One interesting issue to be pursued is whether we should increase efforts to investigate bone-tropism and agents to decrease bone-metastases, for proactive use in patients with hormone receptor-positive disease. This will require devoting significant time and resources to identify other relevant molecular markers that will definitely impact future biological understanding and management decisions [1214].

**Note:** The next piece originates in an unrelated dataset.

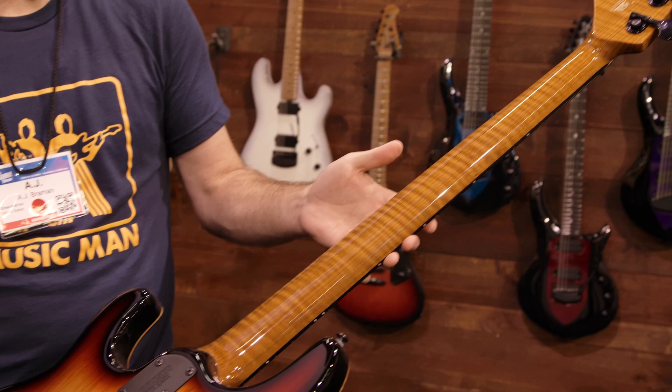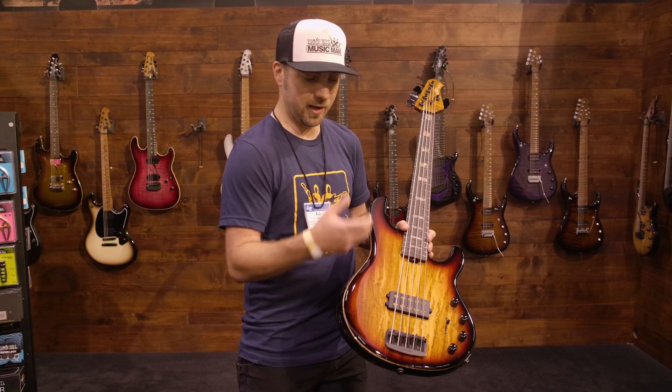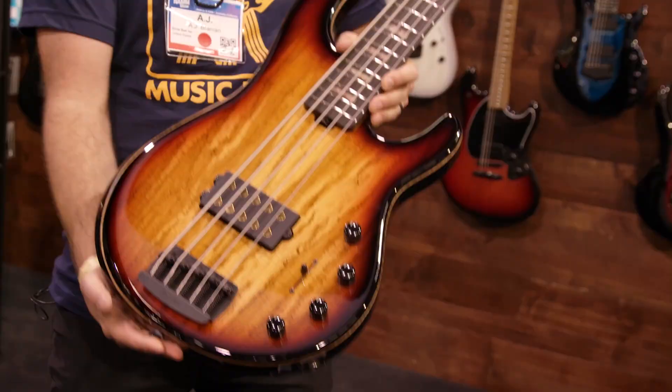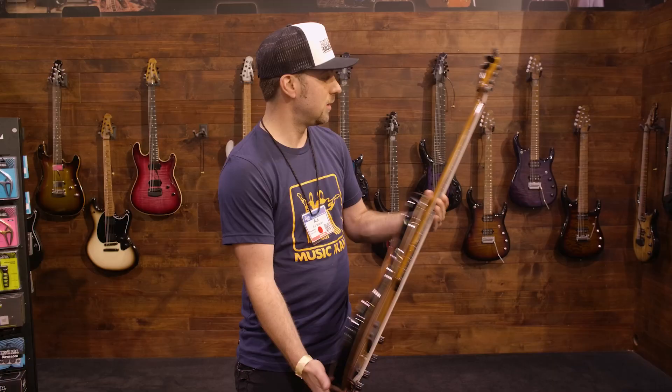You've got the black hardware. We'll have limited to 225 of the H, and these will be available through retail with one humbucker, direct, we'll have some two humbuckers, and these are the 35th anniversary Stingray 5.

There is another piece of information in the manuscript by Vaz-Luis and colleagues that should not be overlooked, at least in terms of public health importance: 52% of patients were overweight or obese at study entry (body mass index >25 kg/m2). These data are consistent with our data in N9831 [15], in which we demonstrated that greater than 50% of patients had a body mass index >25 kg/m2. Although its impact was not evaluated in the manuscript by Vaz-Luis and colleagues, our N9831 study suggest that body mass index may also be another relevant biological factor that impacts clinical outcome for patients with HER2-positive disease. ER and PR testing is relevant in the context of HER2-positive disease: as predictive of benefit to anti-estrogens and differential 1 to 10 year term disease recurrence. Understanding its long-term relevance for overall survival beyond that time period requires longer follow-up data be available.